-- Source information follows --

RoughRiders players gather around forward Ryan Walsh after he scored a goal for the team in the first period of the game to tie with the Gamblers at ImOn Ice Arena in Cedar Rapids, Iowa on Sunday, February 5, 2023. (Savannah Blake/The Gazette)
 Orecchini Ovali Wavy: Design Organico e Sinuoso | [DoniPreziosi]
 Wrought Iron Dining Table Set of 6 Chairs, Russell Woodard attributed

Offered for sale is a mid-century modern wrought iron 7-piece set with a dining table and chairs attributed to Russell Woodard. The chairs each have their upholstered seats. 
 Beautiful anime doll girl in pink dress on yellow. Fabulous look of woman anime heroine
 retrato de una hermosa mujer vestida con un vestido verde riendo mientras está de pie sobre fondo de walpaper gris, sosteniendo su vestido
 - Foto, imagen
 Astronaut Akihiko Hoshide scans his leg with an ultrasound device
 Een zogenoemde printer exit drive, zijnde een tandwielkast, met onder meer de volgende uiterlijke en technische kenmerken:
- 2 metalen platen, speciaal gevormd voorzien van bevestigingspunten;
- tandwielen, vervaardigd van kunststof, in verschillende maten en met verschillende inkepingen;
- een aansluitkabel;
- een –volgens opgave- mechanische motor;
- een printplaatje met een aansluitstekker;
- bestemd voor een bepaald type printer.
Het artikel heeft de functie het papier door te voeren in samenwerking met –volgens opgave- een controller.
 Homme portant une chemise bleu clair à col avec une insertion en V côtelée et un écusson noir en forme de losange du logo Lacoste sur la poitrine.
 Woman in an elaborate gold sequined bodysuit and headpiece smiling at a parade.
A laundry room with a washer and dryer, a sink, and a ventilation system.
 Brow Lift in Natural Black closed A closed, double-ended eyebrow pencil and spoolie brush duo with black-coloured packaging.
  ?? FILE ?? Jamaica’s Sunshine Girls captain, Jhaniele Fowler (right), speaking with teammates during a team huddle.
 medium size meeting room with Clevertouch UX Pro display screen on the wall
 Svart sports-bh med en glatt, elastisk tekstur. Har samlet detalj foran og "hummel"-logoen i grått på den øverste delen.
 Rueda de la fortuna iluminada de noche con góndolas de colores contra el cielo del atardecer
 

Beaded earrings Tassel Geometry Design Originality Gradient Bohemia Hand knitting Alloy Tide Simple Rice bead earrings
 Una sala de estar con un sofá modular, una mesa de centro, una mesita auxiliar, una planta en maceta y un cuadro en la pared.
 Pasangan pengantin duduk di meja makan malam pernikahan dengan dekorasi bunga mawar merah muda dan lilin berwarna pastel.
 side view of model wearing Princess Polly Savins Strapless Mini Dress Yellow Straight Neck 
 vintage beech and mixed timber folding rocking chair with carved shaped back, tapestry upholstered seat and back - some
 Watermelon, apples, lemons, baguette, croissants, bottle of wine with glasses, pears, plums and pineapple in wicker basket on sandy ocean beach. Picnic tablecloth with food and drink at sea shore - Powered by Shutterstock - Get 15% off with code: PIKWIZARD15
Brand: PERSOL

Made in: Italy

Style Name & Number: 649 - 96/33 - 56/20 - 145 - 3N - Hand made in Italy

-- Source information concluded --

**Problem details**
Every record above must be duplicated exactly.

**Output for this task**
RoughRiders players gather around forward Ryan Walsh after he scored a goal for the team in the first period of the game to tie with the Gamblers at ImOn Ice Arena in Cedar Rapids, Iowa on Sunday, February 5, 2023. (Savannah Blake/The Gazette)
 Orecchini Ovali Wavy: Design Organico e Sinuoso | [DoniPreziosi]
 Wrought Iron Dining Table Set of 6 Chairs, Russell Woodard attributed

Offered for sale is a mid-century modern wrought iron 7-piece set with a dining table and chairs attributed to Russell Woodard. The chairs each have their upholstered seats. 
 Beautiful anime doll girl in pink dress on yellow. Fabulous look of woman anime heroine
 retrato de una hermosa mujer vestida con un vestido verde riendo mientras está de pie sobre fondo de walpaper gris, sosteniendo su vestido
 - Foto, imagen
 Astronaut Akihiko Hoshide scans his leg with an ultrasound device
 Een zogenoemde printer exit drive, zijnde een tandwielkast, met onder meer de volgende uiterlijke en technische kenmerken:
- 2 metalen platen, speciaal gevormd voorzien van bevestigingspunten;
- tandwielen, vervaardigd van kunststof, in verschillende maten en met verschillende inkepingen;
- een aansluitkabel;
- een –volgens opgave- mechanische motor;
- een printplaatje met een aansluitstekker;
- bestemd voor een bepaald type printer.
Het artikel heeft de functie het papier door te voeren in samenwerking met –volgens opgave- een controller.
 Homme portant une chemise bleu clair à col avec une insertion en V côtelée et un écusson noir en forme de losange du logo Lacoste sur la poitrine.
 Woman in an elaborate gold sequined bodysuit and headpiece smiling at a parade.
A laundry room with a washer and dryer, a sink, and a ventilation system.
 Brow Lift in Natural Black closed A closed, double-ended eyebrow pencil and spoolie brush duo with black-coloured packaging.
  ?? FILE ?? Jamaica’s Sunshine Girls captain, Jhaniele Fowler (right), speaking with teammates during a team huddle.
 medium size meeting room with Clevertouch UX Pro display screen on the wall
 Svart sports-bh med en glatt, elastisk tekstur. Har samlet detalj foran og "hummel"-logoen i grått på den øverste delen.
 Rueda de la fortuna iluminada de noche con góndolas de colores contra el cielo del atardecer
 

Beaded earrings Tassel Geometry Design Originality Gradient Bohemia Hand knitting Alloy Tide Simple Rice bead earrings
 Una sala de estar con un sofá modular, una mesa de centro, una mesita auxiliar, una planta en maceta y un cuadro en la pared.
 Pasangan pengantin duduk di meja makan malam pernikahan dengan dekorasi bunga mawar merah muda dan lilin berwarna pastel.
 side view of model wearing Princess Polly Savins Strapless Mini Dress Yellow Straight Neck 
 vintage beech and mixed timber folding rocking chair with carved shaped back, tapestry upholstered seat and back - some
 Watermelon, apples, lemons, baguette, croissants, bottle of wine with glasses, pears, plums and pineapple in wicker basket on sandy ocean beach. Picnic tablecloth with food and drink at sea shore - Powered by Shutterstock - Get 15% off with code: PIKWIZARD15
Brand: PERSOL

Made in: Italy

Style Name & Number: 649 - 96/33 - 56/20 - 145 - 3N - Hand made in Italy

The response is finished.